Selected Work
Brand Strategy Framework – Agency Standard
A comprehensive brand strategy framework refined and standardized through client engagements — now the agency standard for all brand work.
Overview
As MaaS by CodeSM grew and scaled its client portfolio, brand strategy work was happening without a shared structure. Outputs varied by engagement, and the connection between strategic thinking and creative execution wasn’t always clear.
This project was about solving that problem at a process level. Working from the agency’s existing brand strategy approach, Ruth refined and systematized it through real client application — building it into a repeatable process that produces consistent results at scale. The result covers the full arc from competitive positioning through messaging architecture and campaign ideation, and is now the standard used across all brand strategy work at the agency.
The Problem
Onboarding new clients was slower than it needed to be. The quality of strategic work depended too heavily on who was leading it. And without a shared structure, there was no reliable way to ensure the thinking behind a brand connected clearly to the work that executed it.
The opportunity: transform an inconsistent, lead-dependent process into a reusable framework rigorous enough to produce consistent, high-quality brand systems — and accessible enough to work across industries and client sizes.
What’s Inside
The framework spans six strategic sections, moving from research and discovery through to actionable execution:
01 — Competitor Analysis Positioning matrix and feature benchmarking across competitors — oriented toward identifying the white space the brand can credibly own, not just cataloging who else is in the market.

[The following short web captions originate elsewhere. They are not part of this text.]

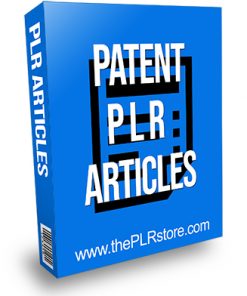 Patent PLR Articles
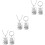 3Pièces - Fils Famille Argent Durable Décor Sac 5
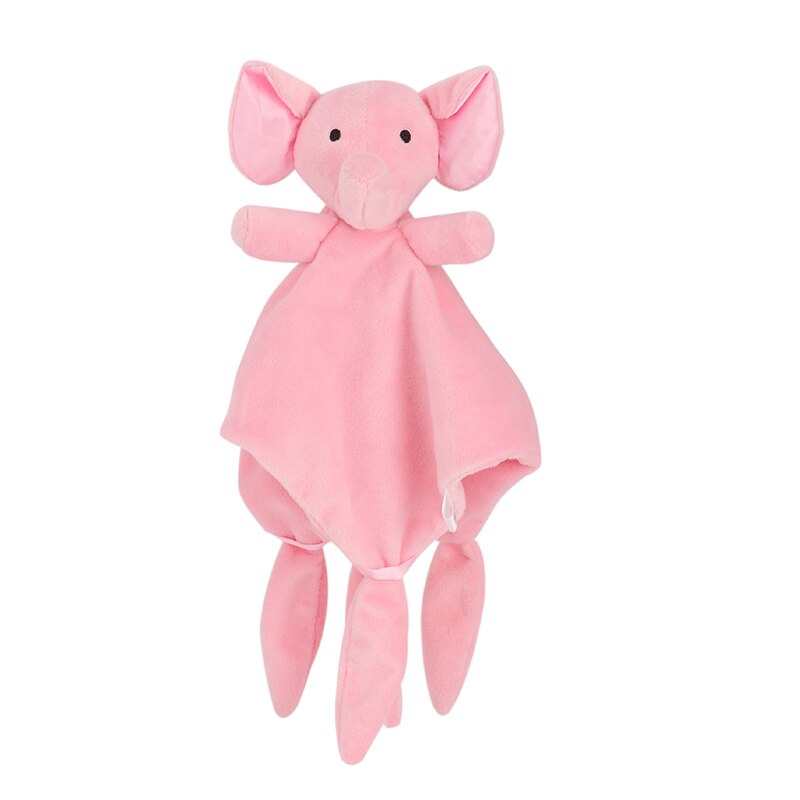 Soft Appease Towel Baby Toys Soothe Reassure Sleeping Animal Blankie Rattles comforter plush Bebes Toys Doll baby towels newborn: pink elephant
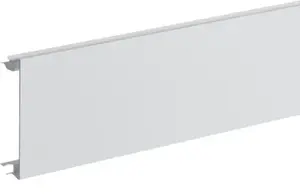 Hager BR08029016 Белая ПВХ Крышка для кабельного лотка 80 мм x 2000 мм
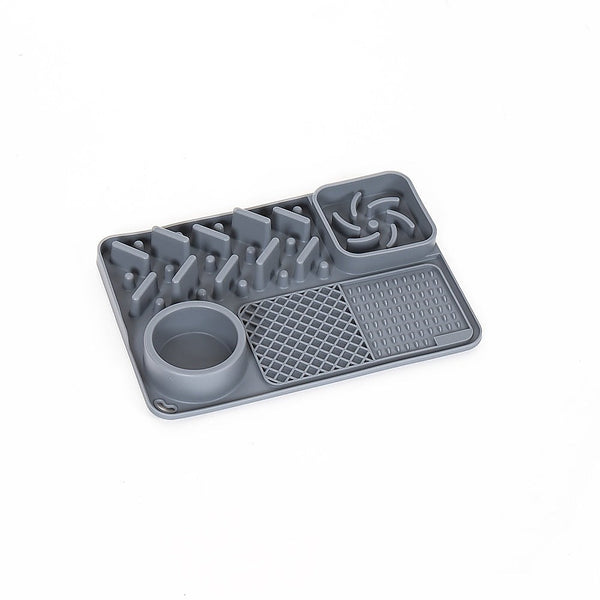 Randy & Travis Machinery Pet Licking Mat Bite Resistant Non Slip Slow Feeder Dishes Feeders & Fountains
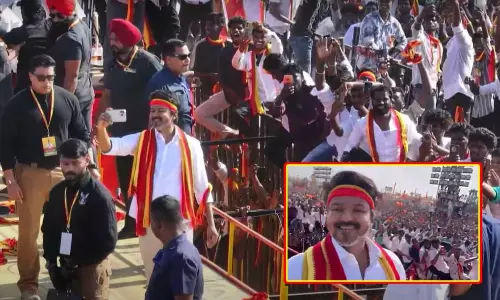 ‘தனி ஆள் இல்ல கடல் நான்... - மாநாட்டில் எடுத்த செல்பி வீடியோவை வெளியிட்ட விஜய்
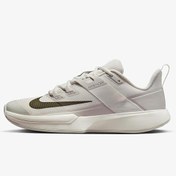 Resim Nike Court Vapor Lite Krem/Zeytin Kadın Tenis Ayakkabısı Nike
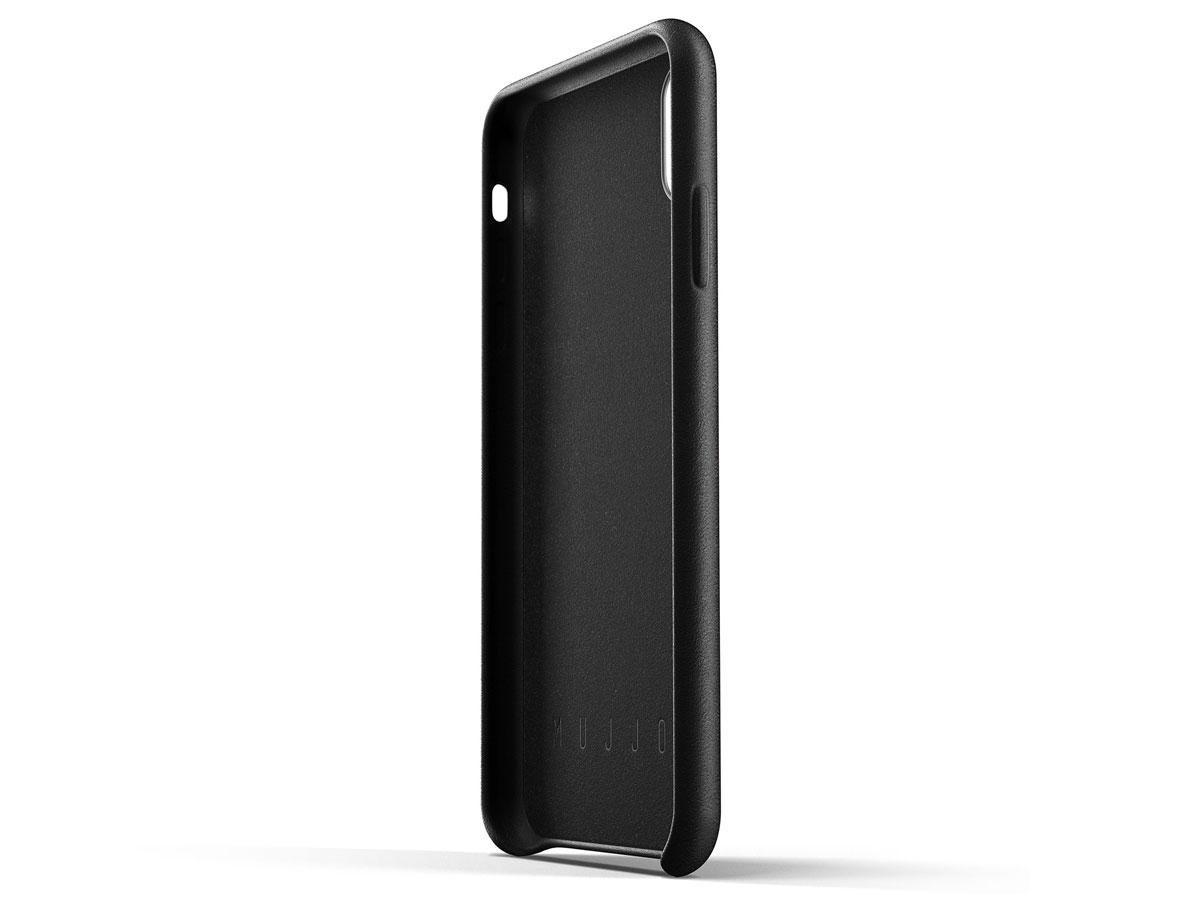 Mujjo Full Leather Case Black - iPhone Xs Max hoesje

02 — Target Audience Three layered persona profiles, each built around frustrations, desires, and personality spectrums. Understanding the emotional context of the audience shapes every positioning decision that follows.

03 — Brand Identity Brand vocabulary, core attributes, and values — defined with enough specificity to be useful. Voice and tone guidelines that can scale across execution without losing character.
04 — Messaging Strategy The strategic center of the framework. Mission, vision, taglines, USPs, CTAs, and narrative hierarchy — structured so the brand has a clear core promise with supporting pillars that hold together across channels.



05 — Creative Ideation Campaign concepts developed directly from the strategic foundation — demonstrating how strategy comes to life in execution, and increasing client confidence in the connection between brand thinking and marketing output.

How I Use This in a Project
The framework follows a deliberate sequence from discovery through handoff:
Discovery & Input Gathering I start by collecting client inputs through an in-depth onboarding conversation, using structured questions to surface the information that will drive competitor analysis and audience definition. This shapes everything downstream.
Strategic Foundation I map the competitive landscape, identify positioning opportunities, and build out target personas based on patterns in client insights and market behavior.
Brand Definition Using those insights, I develop the brand identity system — ensuring it aligns with both business goals and audience expectations before any messaging work begins.
Messaging Development I translate the strategy into clear messaging: mission, vision, USPs, and narrative hierarchy. This becomes the foundation for all communication going forward.
Creative Application I apply the brand and messaging to campaign concepts and marketing directions — showing how the strategy connects directly to execution and making the work tangible for clients.
Handoff & Implementation The final framework is delivered as a working document used by internal teams and clients to guide ongoing marketing, content, and design decisions. It’s built to be used, not filed away.
Who Uses It
Strategists use it to structure research, define positioning, and ensure a consistent strategic approach across clients.
Designers reference brand identity, tone, and messaging to create visuals and assets that align with the strategy.
Clients and stakeholders use it as a single source of truth for their brand — helping them make consistent decisions and evaluate marketing efforts over time.
Outcomes
- Standardized the agency’s brand strategy process, replacing inconsistent, lead-dependent approaches
- Improved consistency and quality across all client deliverables
- Simplified complex brand strategy into clear, accessible outputs for non-marketing clients
- Made positioning and messaging easier for clients to understand and act on
- Increased client buy-in by showing how strategy connects directly to campaigns
- Reduced skepticism by making brand strategy more tangible and practical
- Improved client conversations by removing ambiguity and establishing a clear shared narrative
- Connected strategy to execution through integrated creative direction
- Increased team efficiency by eliminating the need to rebuild structure from scratch for each engagement
- Built a scalable system for delivering brand strategy consistently across industries
What This Demonstrates
This project reflects a specific kind of strategic work: not just applying a framework to a client, but owning the framework itself — developing it through real application, refining it based on what the work revealed, and building something that scales quality across a team.
It’s systems thinking applied to brand strategy. The ability to make complex thinking repeatable, accessible, and useful to strategists, designers, and clients alike is a different skill than producing a single strong deliverable. Both matter. This is the former.